## EXERCISE BRIEF
An exact copy of every entry is needed, with the images left out.

== Segment start ==

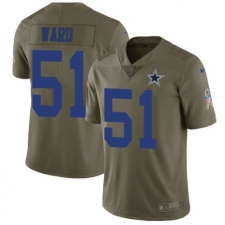 Men's Nike Dallas Cowboys #51 Jihad Ward Limited Olive 2017 Salute to Service NFL Jersey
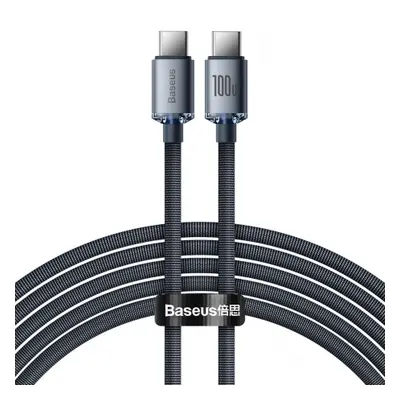 Baseus Crystal Shine kabel USB-C / USB-C 5A 100W 2m, černý (CAJY000701)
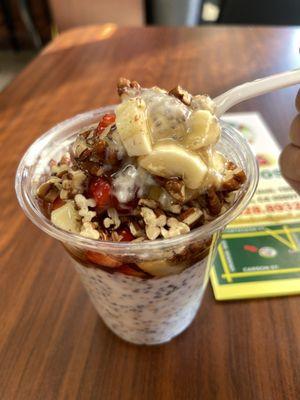 Oatmeal, chia seeds and fruit/honey topping.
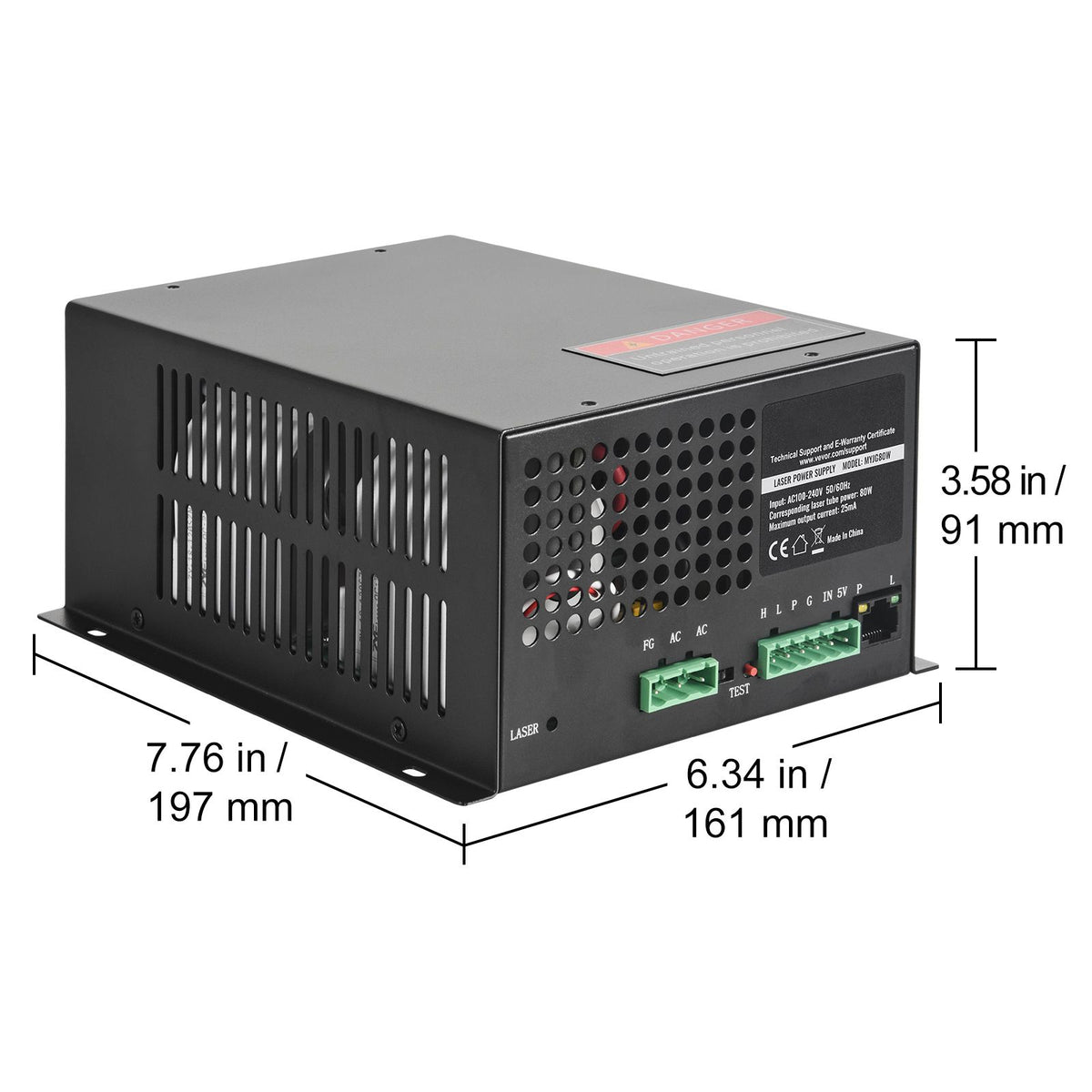 CO2 Laser Power Supply, 80W, Power Supply for 80W Laser Tube, Constant Current Protection, Open Circuit Protection, Fast Heat Dissipation, Compatible for Multi-brand Laser Engravers & Cutters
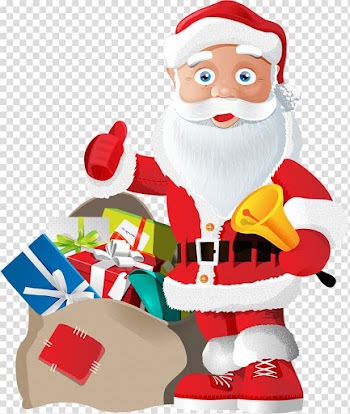 Santa Claus Christmas Gift , Santa Claus and gifts transparent background PNG clipart
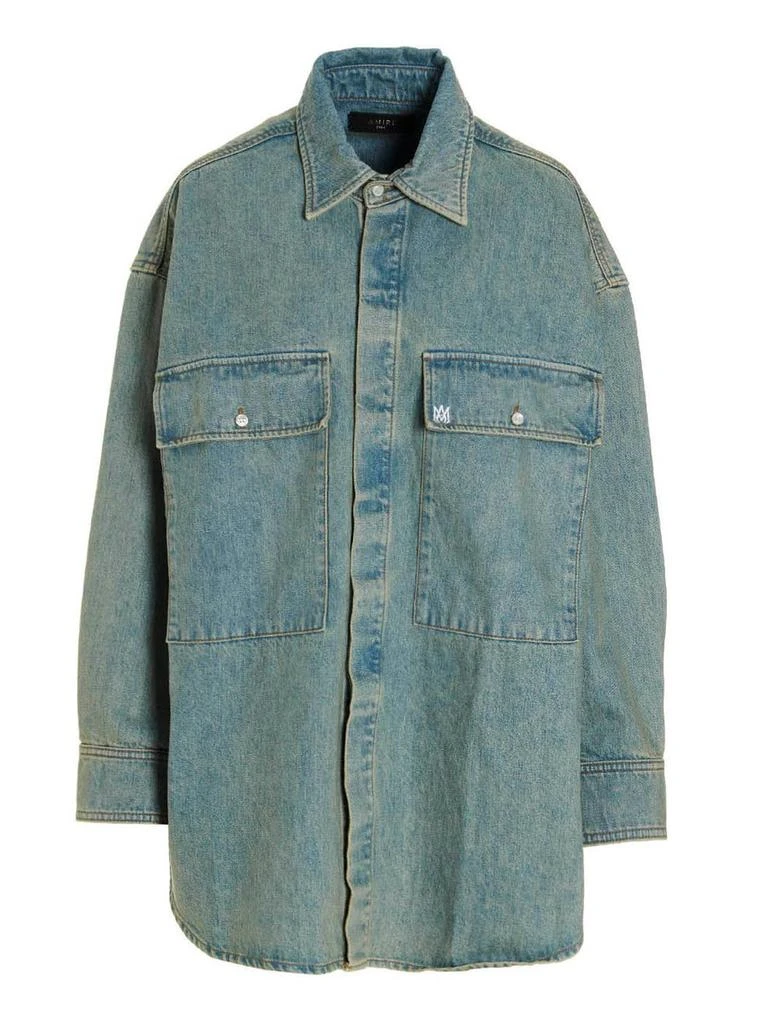 商品AMIRI|Amiri Logo Printed Oversized Denim Shirt,价格¥3993,第1张图片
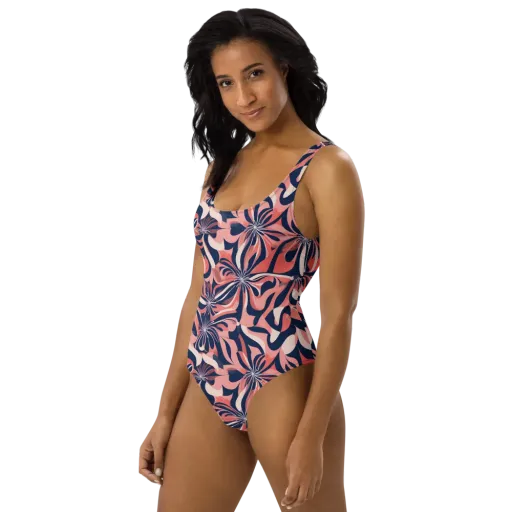 Navy Petal Voltage on a One-Piece Swimsuit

== Segment end ==

## TASK ANSWER
 Men's Nike Dallas Cowboys #51 Jihad Ward Limited Olive 2017 Salute to Service NFL Jersey
 Baseus Crystal Shine kabel USB-C / USB-C 5A 100W 2m, černý (CAJY000701)
 Oatmeal, chia seeds and fruit/honey topping.
 CO2 Laser Power Supply, 80W, Power Supply for 80W Laser Tube, Constant Current Protection, Open Circuit Protection, Fast Heat Dissipation, Compatible for Multi-brand Laser Engravers & Cutters
 Santa Claus Christmas Gift , Santa Claus and gifts transparent background PNG clipart
 商品AMIRI|Amiri Logo Printed Oversized Denim Shirt,价格¥3993,第1张图片
 Navy Petal Voltage on a One-Piece Swimsuit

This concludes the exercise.